Now, you have made a call to the BigQuery API and added data to a table by using R. How cool is that? :D

How to configure Docker

First of all, install Docker. Here is the link for mac.

Create an account and log into Docker Desktop.

How to run an existing docker container

As mentioned at the beginning of this guide, one of the big advantages of Docker is shareability, that means that you can create docker images and share them with others.

The guys at the Rocker Project have already created several basic images that we can run. For example, they have created an image with rstudio preinstalled: rocker/rstudio.

As previously mentioned, a docker container is an instance of a docker image. Now we’ll try to create an instance of the following docker image: rocker/rstudio.

Go to the terminal in R and type the following code.

docker run --rm -e PASSWORD=123 -p 8787:8787 rocker/rstudio

linearly separable data

If the image is not present locally on your machine, your computer will look for it on docker hub (similar to GitHub, but for Docker Images), and if it exists, it will download it.

The “–rm” argument means that we’ll remove the container once we’re done with it, otherwise it will be saved on your machine. For example, if you have a daily cron job it means that the container will be saved every day and will occupy a lot of space eventually.

The “-e” argument stands for environment. Here we can define environmental variables such as “PASSWORD” and “-p”, which stands for port.
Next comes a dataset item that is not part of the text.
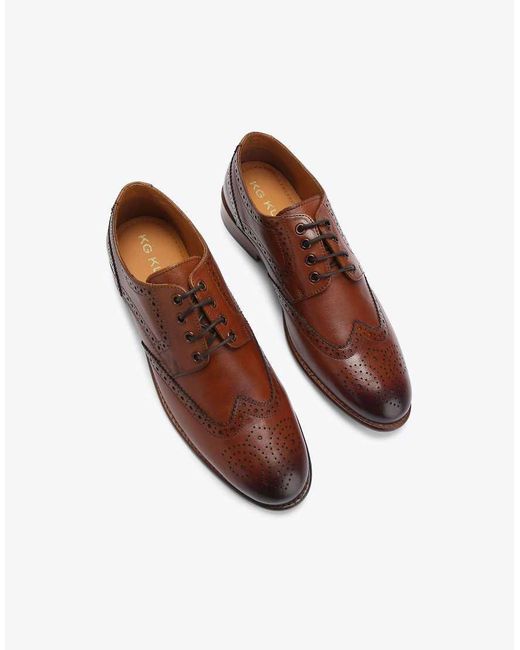KG by Kurt Geiger Brown Connor Lace Up Shoes for men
The final argument “rocker/studio” is the docker image that we have downloaded and run as a docker container.

Now, go to your browser and type “localhost:8787”. As a user name, type “rstudio”, and as password, the password that you used in your “docker run” command, in this case “123”.

Now you have an instance of Rstudio in your browser! Isn’t that cool? :D

Now, you can click on “stop” in the terminal to halt the docker container.

Create a new docker image with dockerfile

Dockerfile is the file where the instructions on how to create a docker image are contained.

It is possible to build a docker image on top of a prexisting docker image. It is like adding toppings on a pizza. This is exactly what we’ll do right now. We’ll build a docker image on top of the “rocker/tidyverse” image. The “rocker/tidyverse” is the pizza, and we’ll add a few toppings such as packages, scripts, files, etc.

Create a new folder a make sure that the folder contains the following files:

  • Your Service Account Key that you previously used
  • A script that we’ll use to interact with big query
  • A text file named “Dockerfile.txt”

Here is an example:

linearly separable data

Here is the script that we’ll use. Copy it and save it in your folder under “big-query-tutorial.R”. Don’t forget to change the name of your Service Account Key, the email associated to it and the big query project, dataset and table parameters.

library(bigrquery)
library(tidyverse)

bq_auth("/home/rstudio/docker-tutorial-service.json", email = "name@gmail.com")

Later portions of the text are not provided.